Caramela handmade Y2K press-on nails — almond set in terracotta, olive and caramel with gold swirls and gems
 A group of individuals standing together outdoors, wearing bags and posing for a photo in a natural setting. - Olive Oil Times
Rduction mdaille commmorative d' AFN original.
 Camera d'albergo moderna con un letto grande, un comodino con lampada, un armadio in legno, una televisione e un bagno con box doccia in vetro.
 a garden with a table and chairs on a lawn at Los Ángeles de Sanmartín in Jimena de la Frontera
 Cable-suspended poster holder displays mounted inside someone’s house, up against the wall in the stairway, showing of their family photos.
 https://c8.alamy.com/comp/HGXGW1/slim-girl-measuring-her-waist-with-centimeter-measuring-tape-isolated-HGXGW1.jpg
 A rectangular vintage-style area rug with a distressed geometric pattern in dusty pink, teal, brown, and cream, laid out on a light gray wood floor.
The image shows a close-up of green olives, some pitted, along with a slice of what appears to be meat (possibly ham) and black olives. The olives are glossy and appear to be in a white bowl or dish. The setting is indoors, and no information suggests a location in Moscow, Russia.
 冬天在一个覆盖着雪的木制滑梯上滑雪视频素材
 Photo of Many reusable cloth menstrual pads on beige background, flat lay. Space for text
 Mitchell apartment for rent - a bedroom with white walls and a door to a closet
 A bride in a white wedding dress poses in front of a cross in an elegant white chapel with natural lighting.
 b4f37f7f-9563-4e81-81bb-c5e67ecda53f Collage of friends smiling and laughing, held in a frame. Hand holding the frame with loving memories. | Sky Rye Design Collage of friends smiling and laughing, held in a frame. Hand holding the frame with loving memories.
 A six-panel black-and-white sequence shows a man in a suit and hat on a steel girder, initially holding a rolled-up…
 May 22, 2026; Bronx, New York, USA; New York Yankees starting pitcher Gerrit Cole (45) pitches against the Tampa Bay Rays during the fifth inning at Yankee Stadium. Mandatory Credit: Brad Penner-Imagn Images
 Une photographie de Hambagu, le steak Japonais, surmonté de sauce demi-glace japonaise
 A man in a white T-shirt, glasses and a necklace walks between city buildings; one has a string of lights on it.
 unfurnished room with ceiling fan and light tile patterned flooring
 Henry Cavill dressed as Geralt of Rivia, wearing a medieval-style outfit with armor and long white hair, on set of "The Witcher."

WHAT THE TASK ASKS: Every line of the listing that includes the word "shows" forms the answer.

WRITTEN SOLUTION:
The image shows a close-up of green olives, some pitted, along with a slice of what appears to be meat (possibly ham) and black olives. The olives are glossy and appear to be in a white bowl or dish. The setting is indoors, and no information suggests a location in Moscow, Russia.
 A six-panel black-and-white sequence shows a man in a suit and hat on a steel girder, initially holding a rolled-up…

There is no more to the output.